Among major economies, Germany grew by 0.3% quarter-on-quarter, its strongest result in three quarters, as consumer and government spending picked up.

Italy also saw a slight acceleration to 0.3%, while France posted a modest 0.2% increase, weighed down by weaker investment and inventory dynamics.

“Italian GDP growth was lower than that of Spain, in line with that of Germany, and slightly higher than that of France,” said Nicola Nobile, chief Italy economist at Oxford Economics, in a note.

“Today’s figure, although accelerating compared to the previous quarter, does not change the view of an economy growing in line with its limited potential growth rate,” he added.

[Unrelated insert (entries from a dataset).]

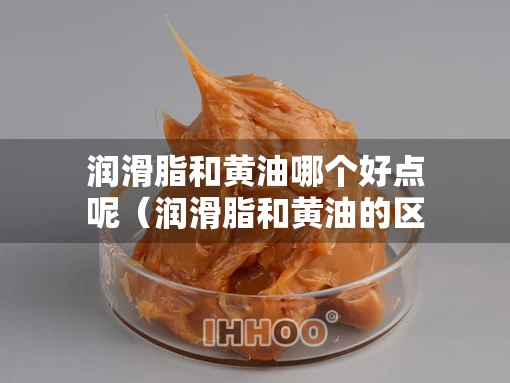润滑脂和黄油哪个好点呢（润滑脂和黄油的区别）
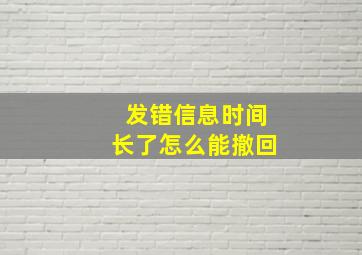 发错信息时间长了怎么能撤回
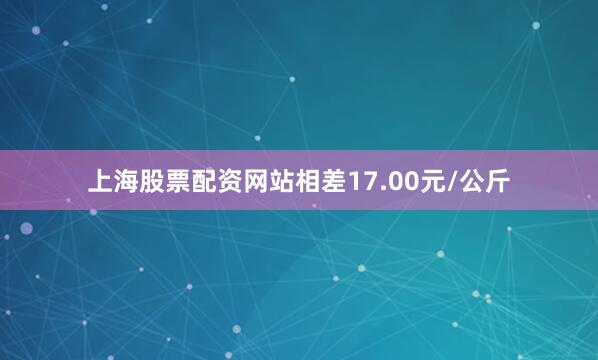 上海股票配资网站相差17.00元/公斤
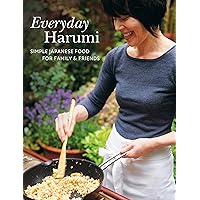 Everyday Harumi: Simple Japanese food for family and friends Everyday Harumi: Simple Japanese food for family and friends Kindle Hardcover Paperback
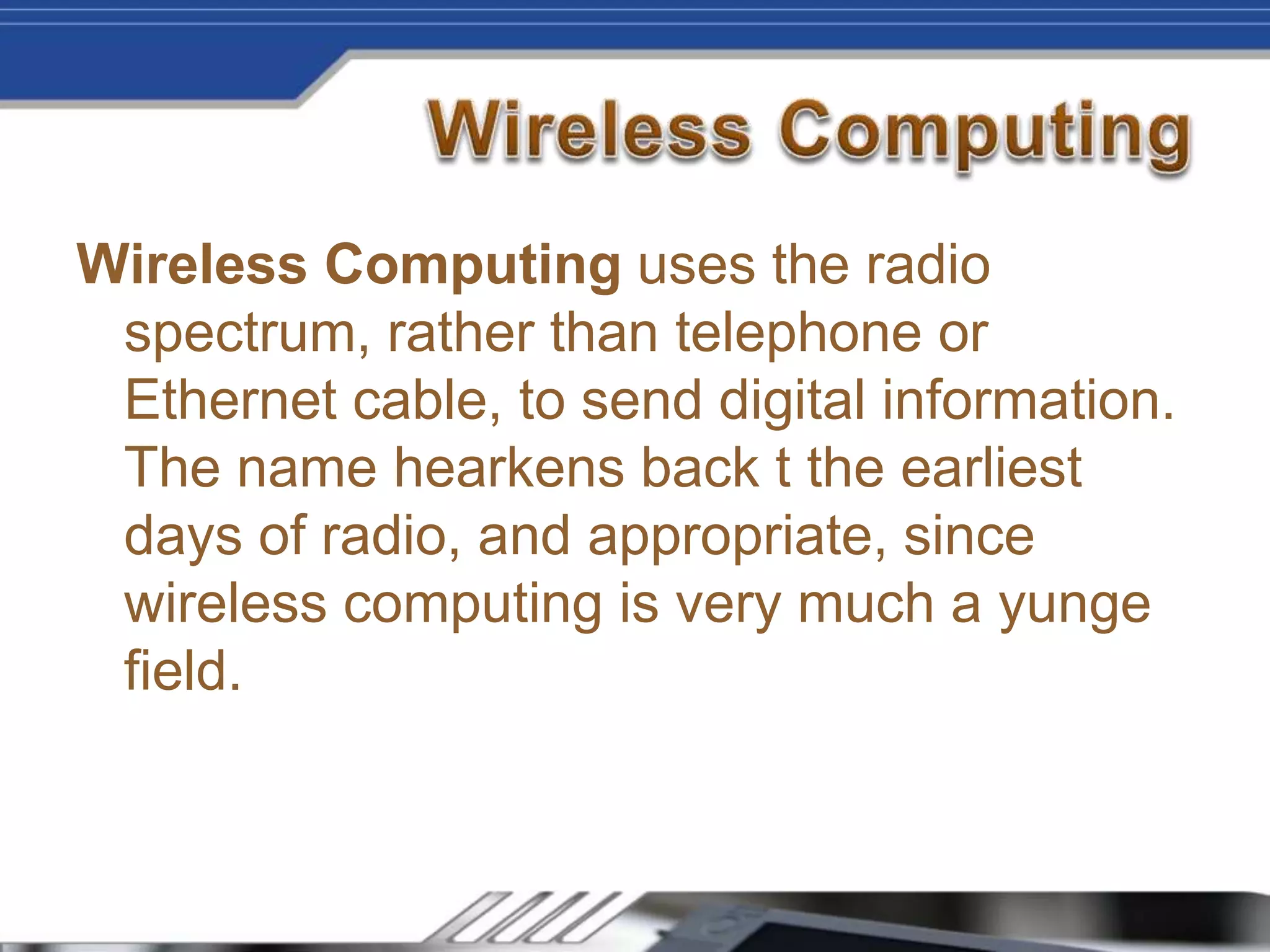 Wireless computing | PPTX | Computer Networking | Computing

The broader European Union grew by 0.3% compared to the previous quarter, matching the eurozone’s quarterly performance. On an annual basis, the EU expanded by 1.6%, slightly higher than the currency bloc.

Labour market remains a source of strength

Despite the mixed economic performance, the labour market across the eurozone continues to show signs of improvement.

The unemployment rate fell to 6.2% in December, its lowest level since early 2008. That is down from 6.3% in November and the same month a year earlier.

In the wider European Union, the jobless rate remained steady at 5.9%. Eurostat estimates that 10.8 million people were unemployed in the euro area at the end of the year, down by 61,000 from November.

Youth unemployment also declined slightly. The unemployment rate for people under 25 in the euro area dropped to 14.3% in December, down from 14.4% a month earlier.